▶ WORK TO COMPLETE
Could you return, exactly as written, every line from the one containing "Hello everyone, welcome" through the last line of the entries below, leaving out the pictures?

━━━━━ DATASET EXCERPTS

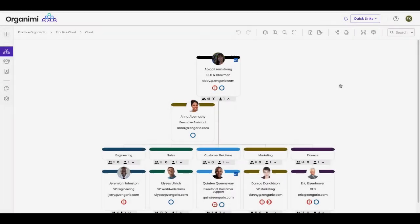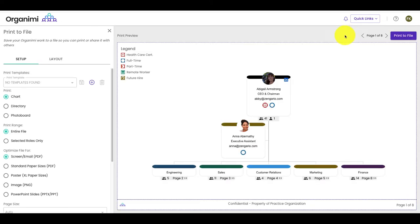To begin with printing your chart, open the chart you wish to print. Click the print icon. In the setup tab under print, click chart.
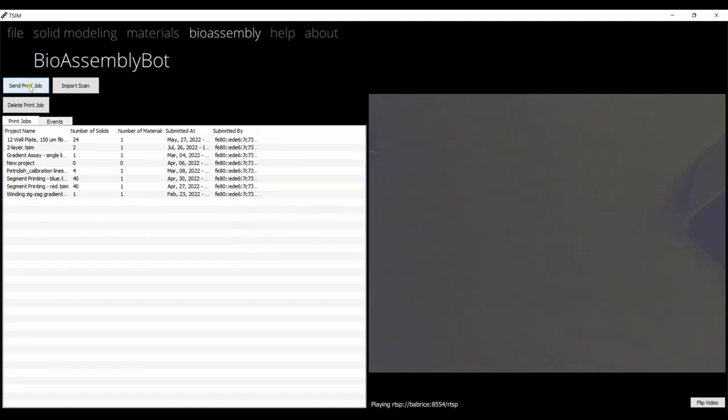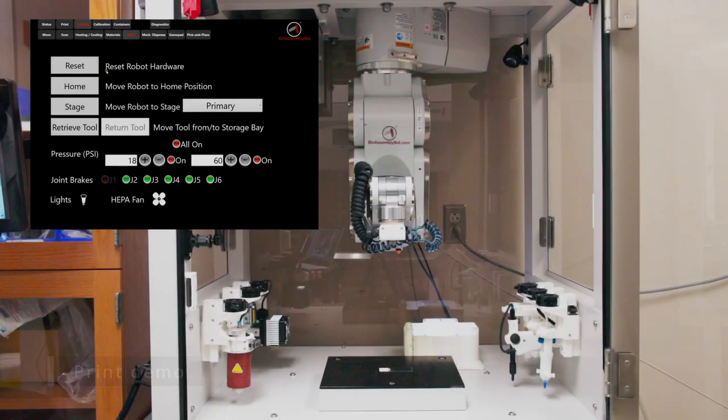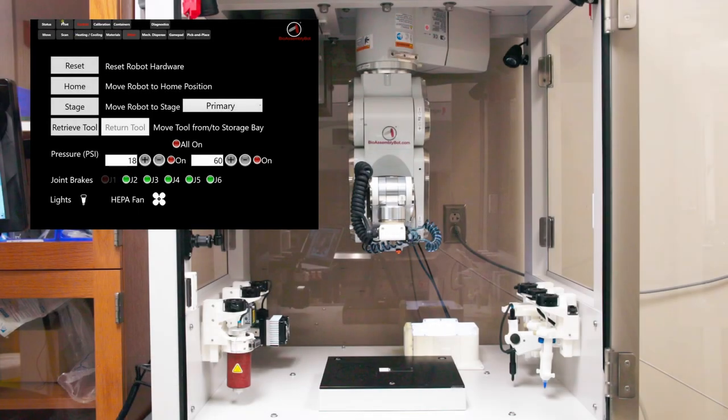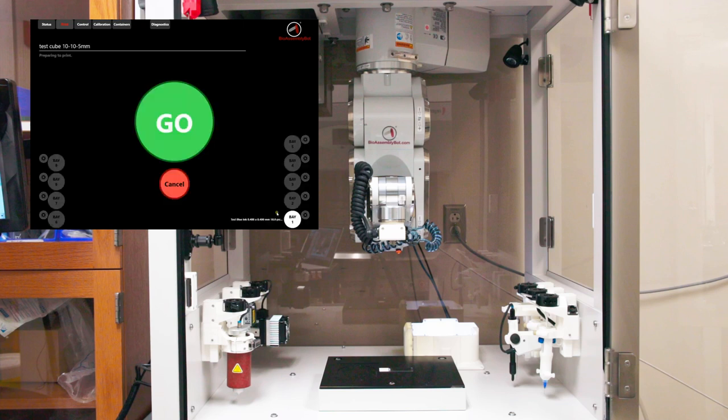Click on BioAssembly menu and click on Send the print job. Here, we can see that the print job has been sent to the printer. Go to the print menu and select the print file we want to print and click Start. Once the Go option is available, click Go.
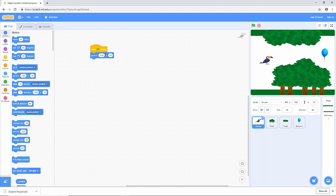That's where the toucan will go. Let's just pop him somewhere else and press the green flag. And you can see he's jumping into position. Fantastic. That's working.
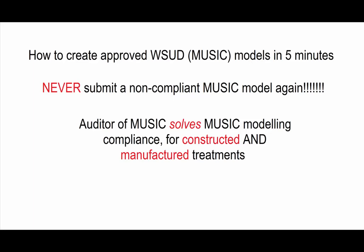Hello everyone, welcome to this presentation of Auditor of Music. This is a very important presentation for councils and also consultants.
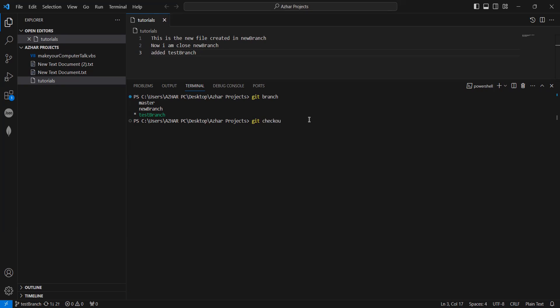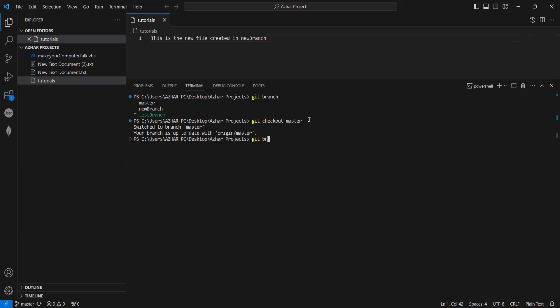Okay. Let me check out master. So, once I check out to master, if I add git branch, it will show you that you are in the master.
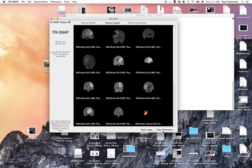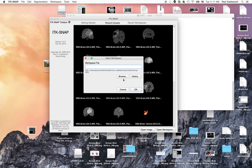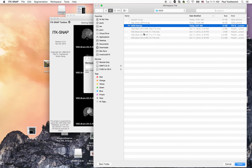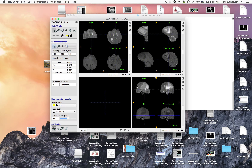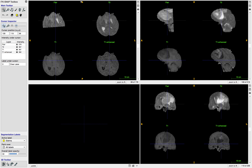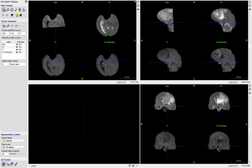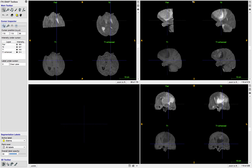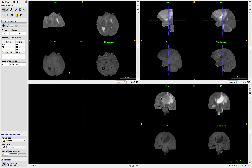We're going to start by opening a workspace. All of the BRATS datasets have been organized into these workspaces. They have an ITK SNAP extension, so just opening it is enough to load all the datasets side by side as we need to. I'm going to blow up my window to be full screen, and now we can start the segmentation. The first step is to set up the region of interest for the snake segmentation.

━━━━━━━━━━

▶ OUTPUT FOR THIS EXERCISE
Hello everyone, welcome to this presentation of Auditor of Music. This is a very important presentation for councils and also consultants.
Okay. Let me check out master. So, once I check out to master, if I add git branch, it will show you that you are in the master.
We're going to start by opening a workspace. All of the BRATS datasets have been organized into these workspaces. They have an ITK SNAP extension, so just opening it is enough to load all the datasets side by side as we need to. I'm going to blow up my window to be full screen, and now we can start the segmentation. The first step is to set up the region of interest for the snake segmentation.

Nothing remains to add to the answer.